SS: CVoter is an international firm. You mentioned earlier that you’ve done polling in the United States, South Africa, and the United Kingdom. In a previous conversation that you and I had, you said that nowhere is more difficult to survey than here in India. Why is that?
YD: The sheer heterogeneity of this country. If you look into our operation that you have seen already, look into the kind of languages that we cover, the kind of demographics that we cover, you will understand that polling in India week after week is kind of [like] running a Eurobarometer week after week. It’s as simple as that. If you can understand the difficulties in running the Eurobarometer, you can understand the difficulty of running the Indian operations as well.
And then the sheer length and width of this country. The geography. The topography. How difficult it is to reach the interiors. That is why we took a conscious decision to going to CATI on the mobile, because that is something that shows us that we are reaching the remotest of the places in random probability sample. And we are speaking twelve different languages. And we are doing [the] audio recording of each and every interview. And doing the quality auditing of each and every interview. That kind of quality is possible only in CATI. That is why we took a conscious decision that [the] future is that. We cannot leave the field operations to happen in that way, doing only ten or twenty percent of back-checks in the face-to-face surveys. Everybody understands the handicap of doing that. Everybody understands that the where and why it can go wrong.
For example, in the West, the idea of human labor to be calculated in the per-hour approach. It’s a very objective thing. That you work for eight hours and you will be paid on a per-hour [basis], or how many samples you cover. So the per-sample based approach to the researchers, it is so West[ern].

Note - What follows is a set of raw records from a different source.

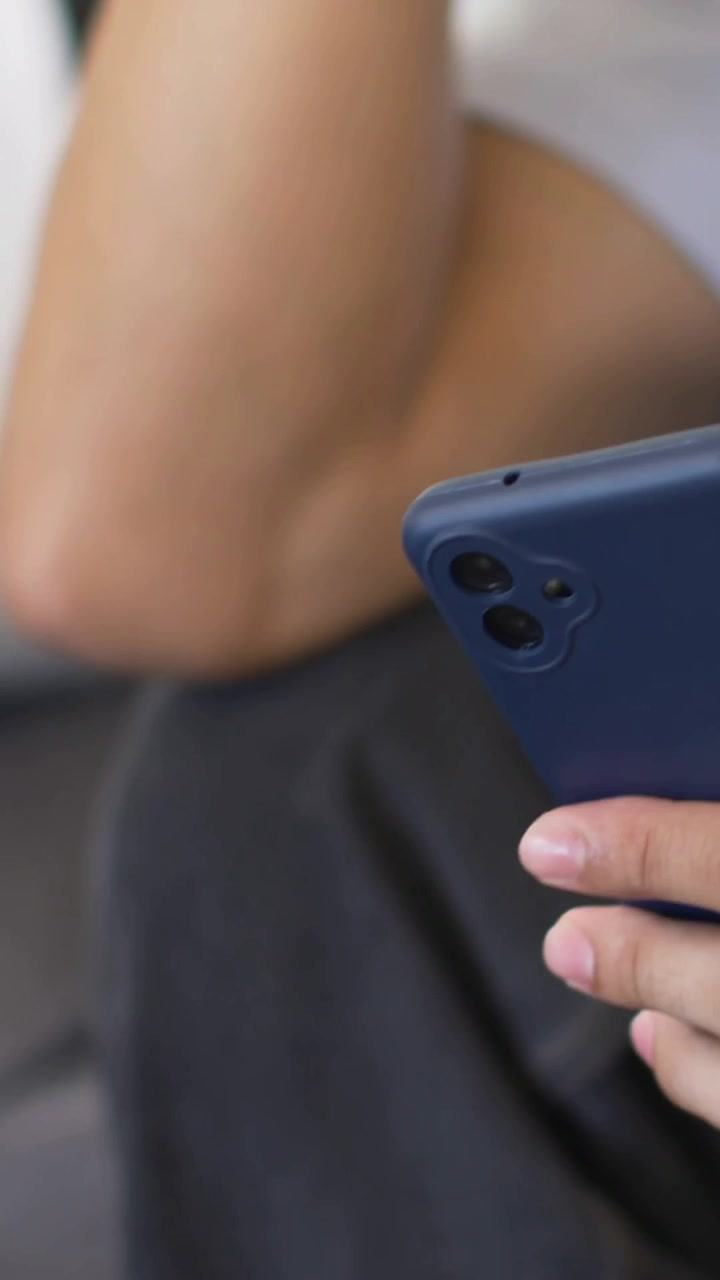Video verticale: Braccio a riposo che picchietta un telefono blu su un divano scuro, cuscino grigio, piano bianco, spazio per la copia.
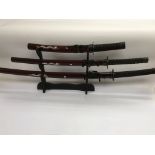 Three graduated reproduction Japanese swords on a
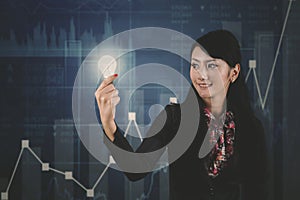 Businesswoman with bright bulb and growth graph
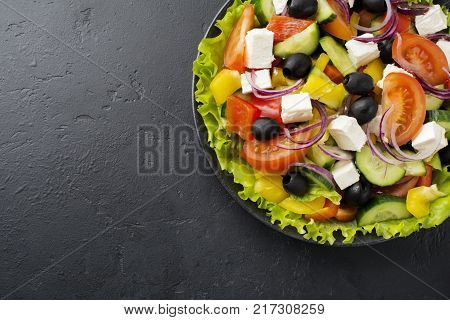 Greek salad in ceramic plate on gray concrete background. Traditional Greek dish. Selective focus.Top view.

In India, it doesn’t work like that. Or this part of the world, or even in Africa, it doesn’t work for a simple reason. I send you to a certain village. Thou shall go there and thou shall interview people and come back, and per-interview I am going to pay you this much. Now, you in the best possible way, picking up the autorickshaw, going to the bus station, taking the bus to that village, reaching that village, figuring out the random probability sample, and getting to that person, and the person refuses. And then you have to also worry about, “OK, at four o’clock is the last bus. I have to come back.” So what is happening is that you have spent an entire day doing the best possible work and still you might end up [with] two or three interviews. So if it is not economically viable for the researcher, what do you expect the researchers to do? To give you a complete random probability sample? No. Hell no. They are likely to do a cluster sample and come back and report to you as a random probability sample. Because they are getting paid on a per-sample basis.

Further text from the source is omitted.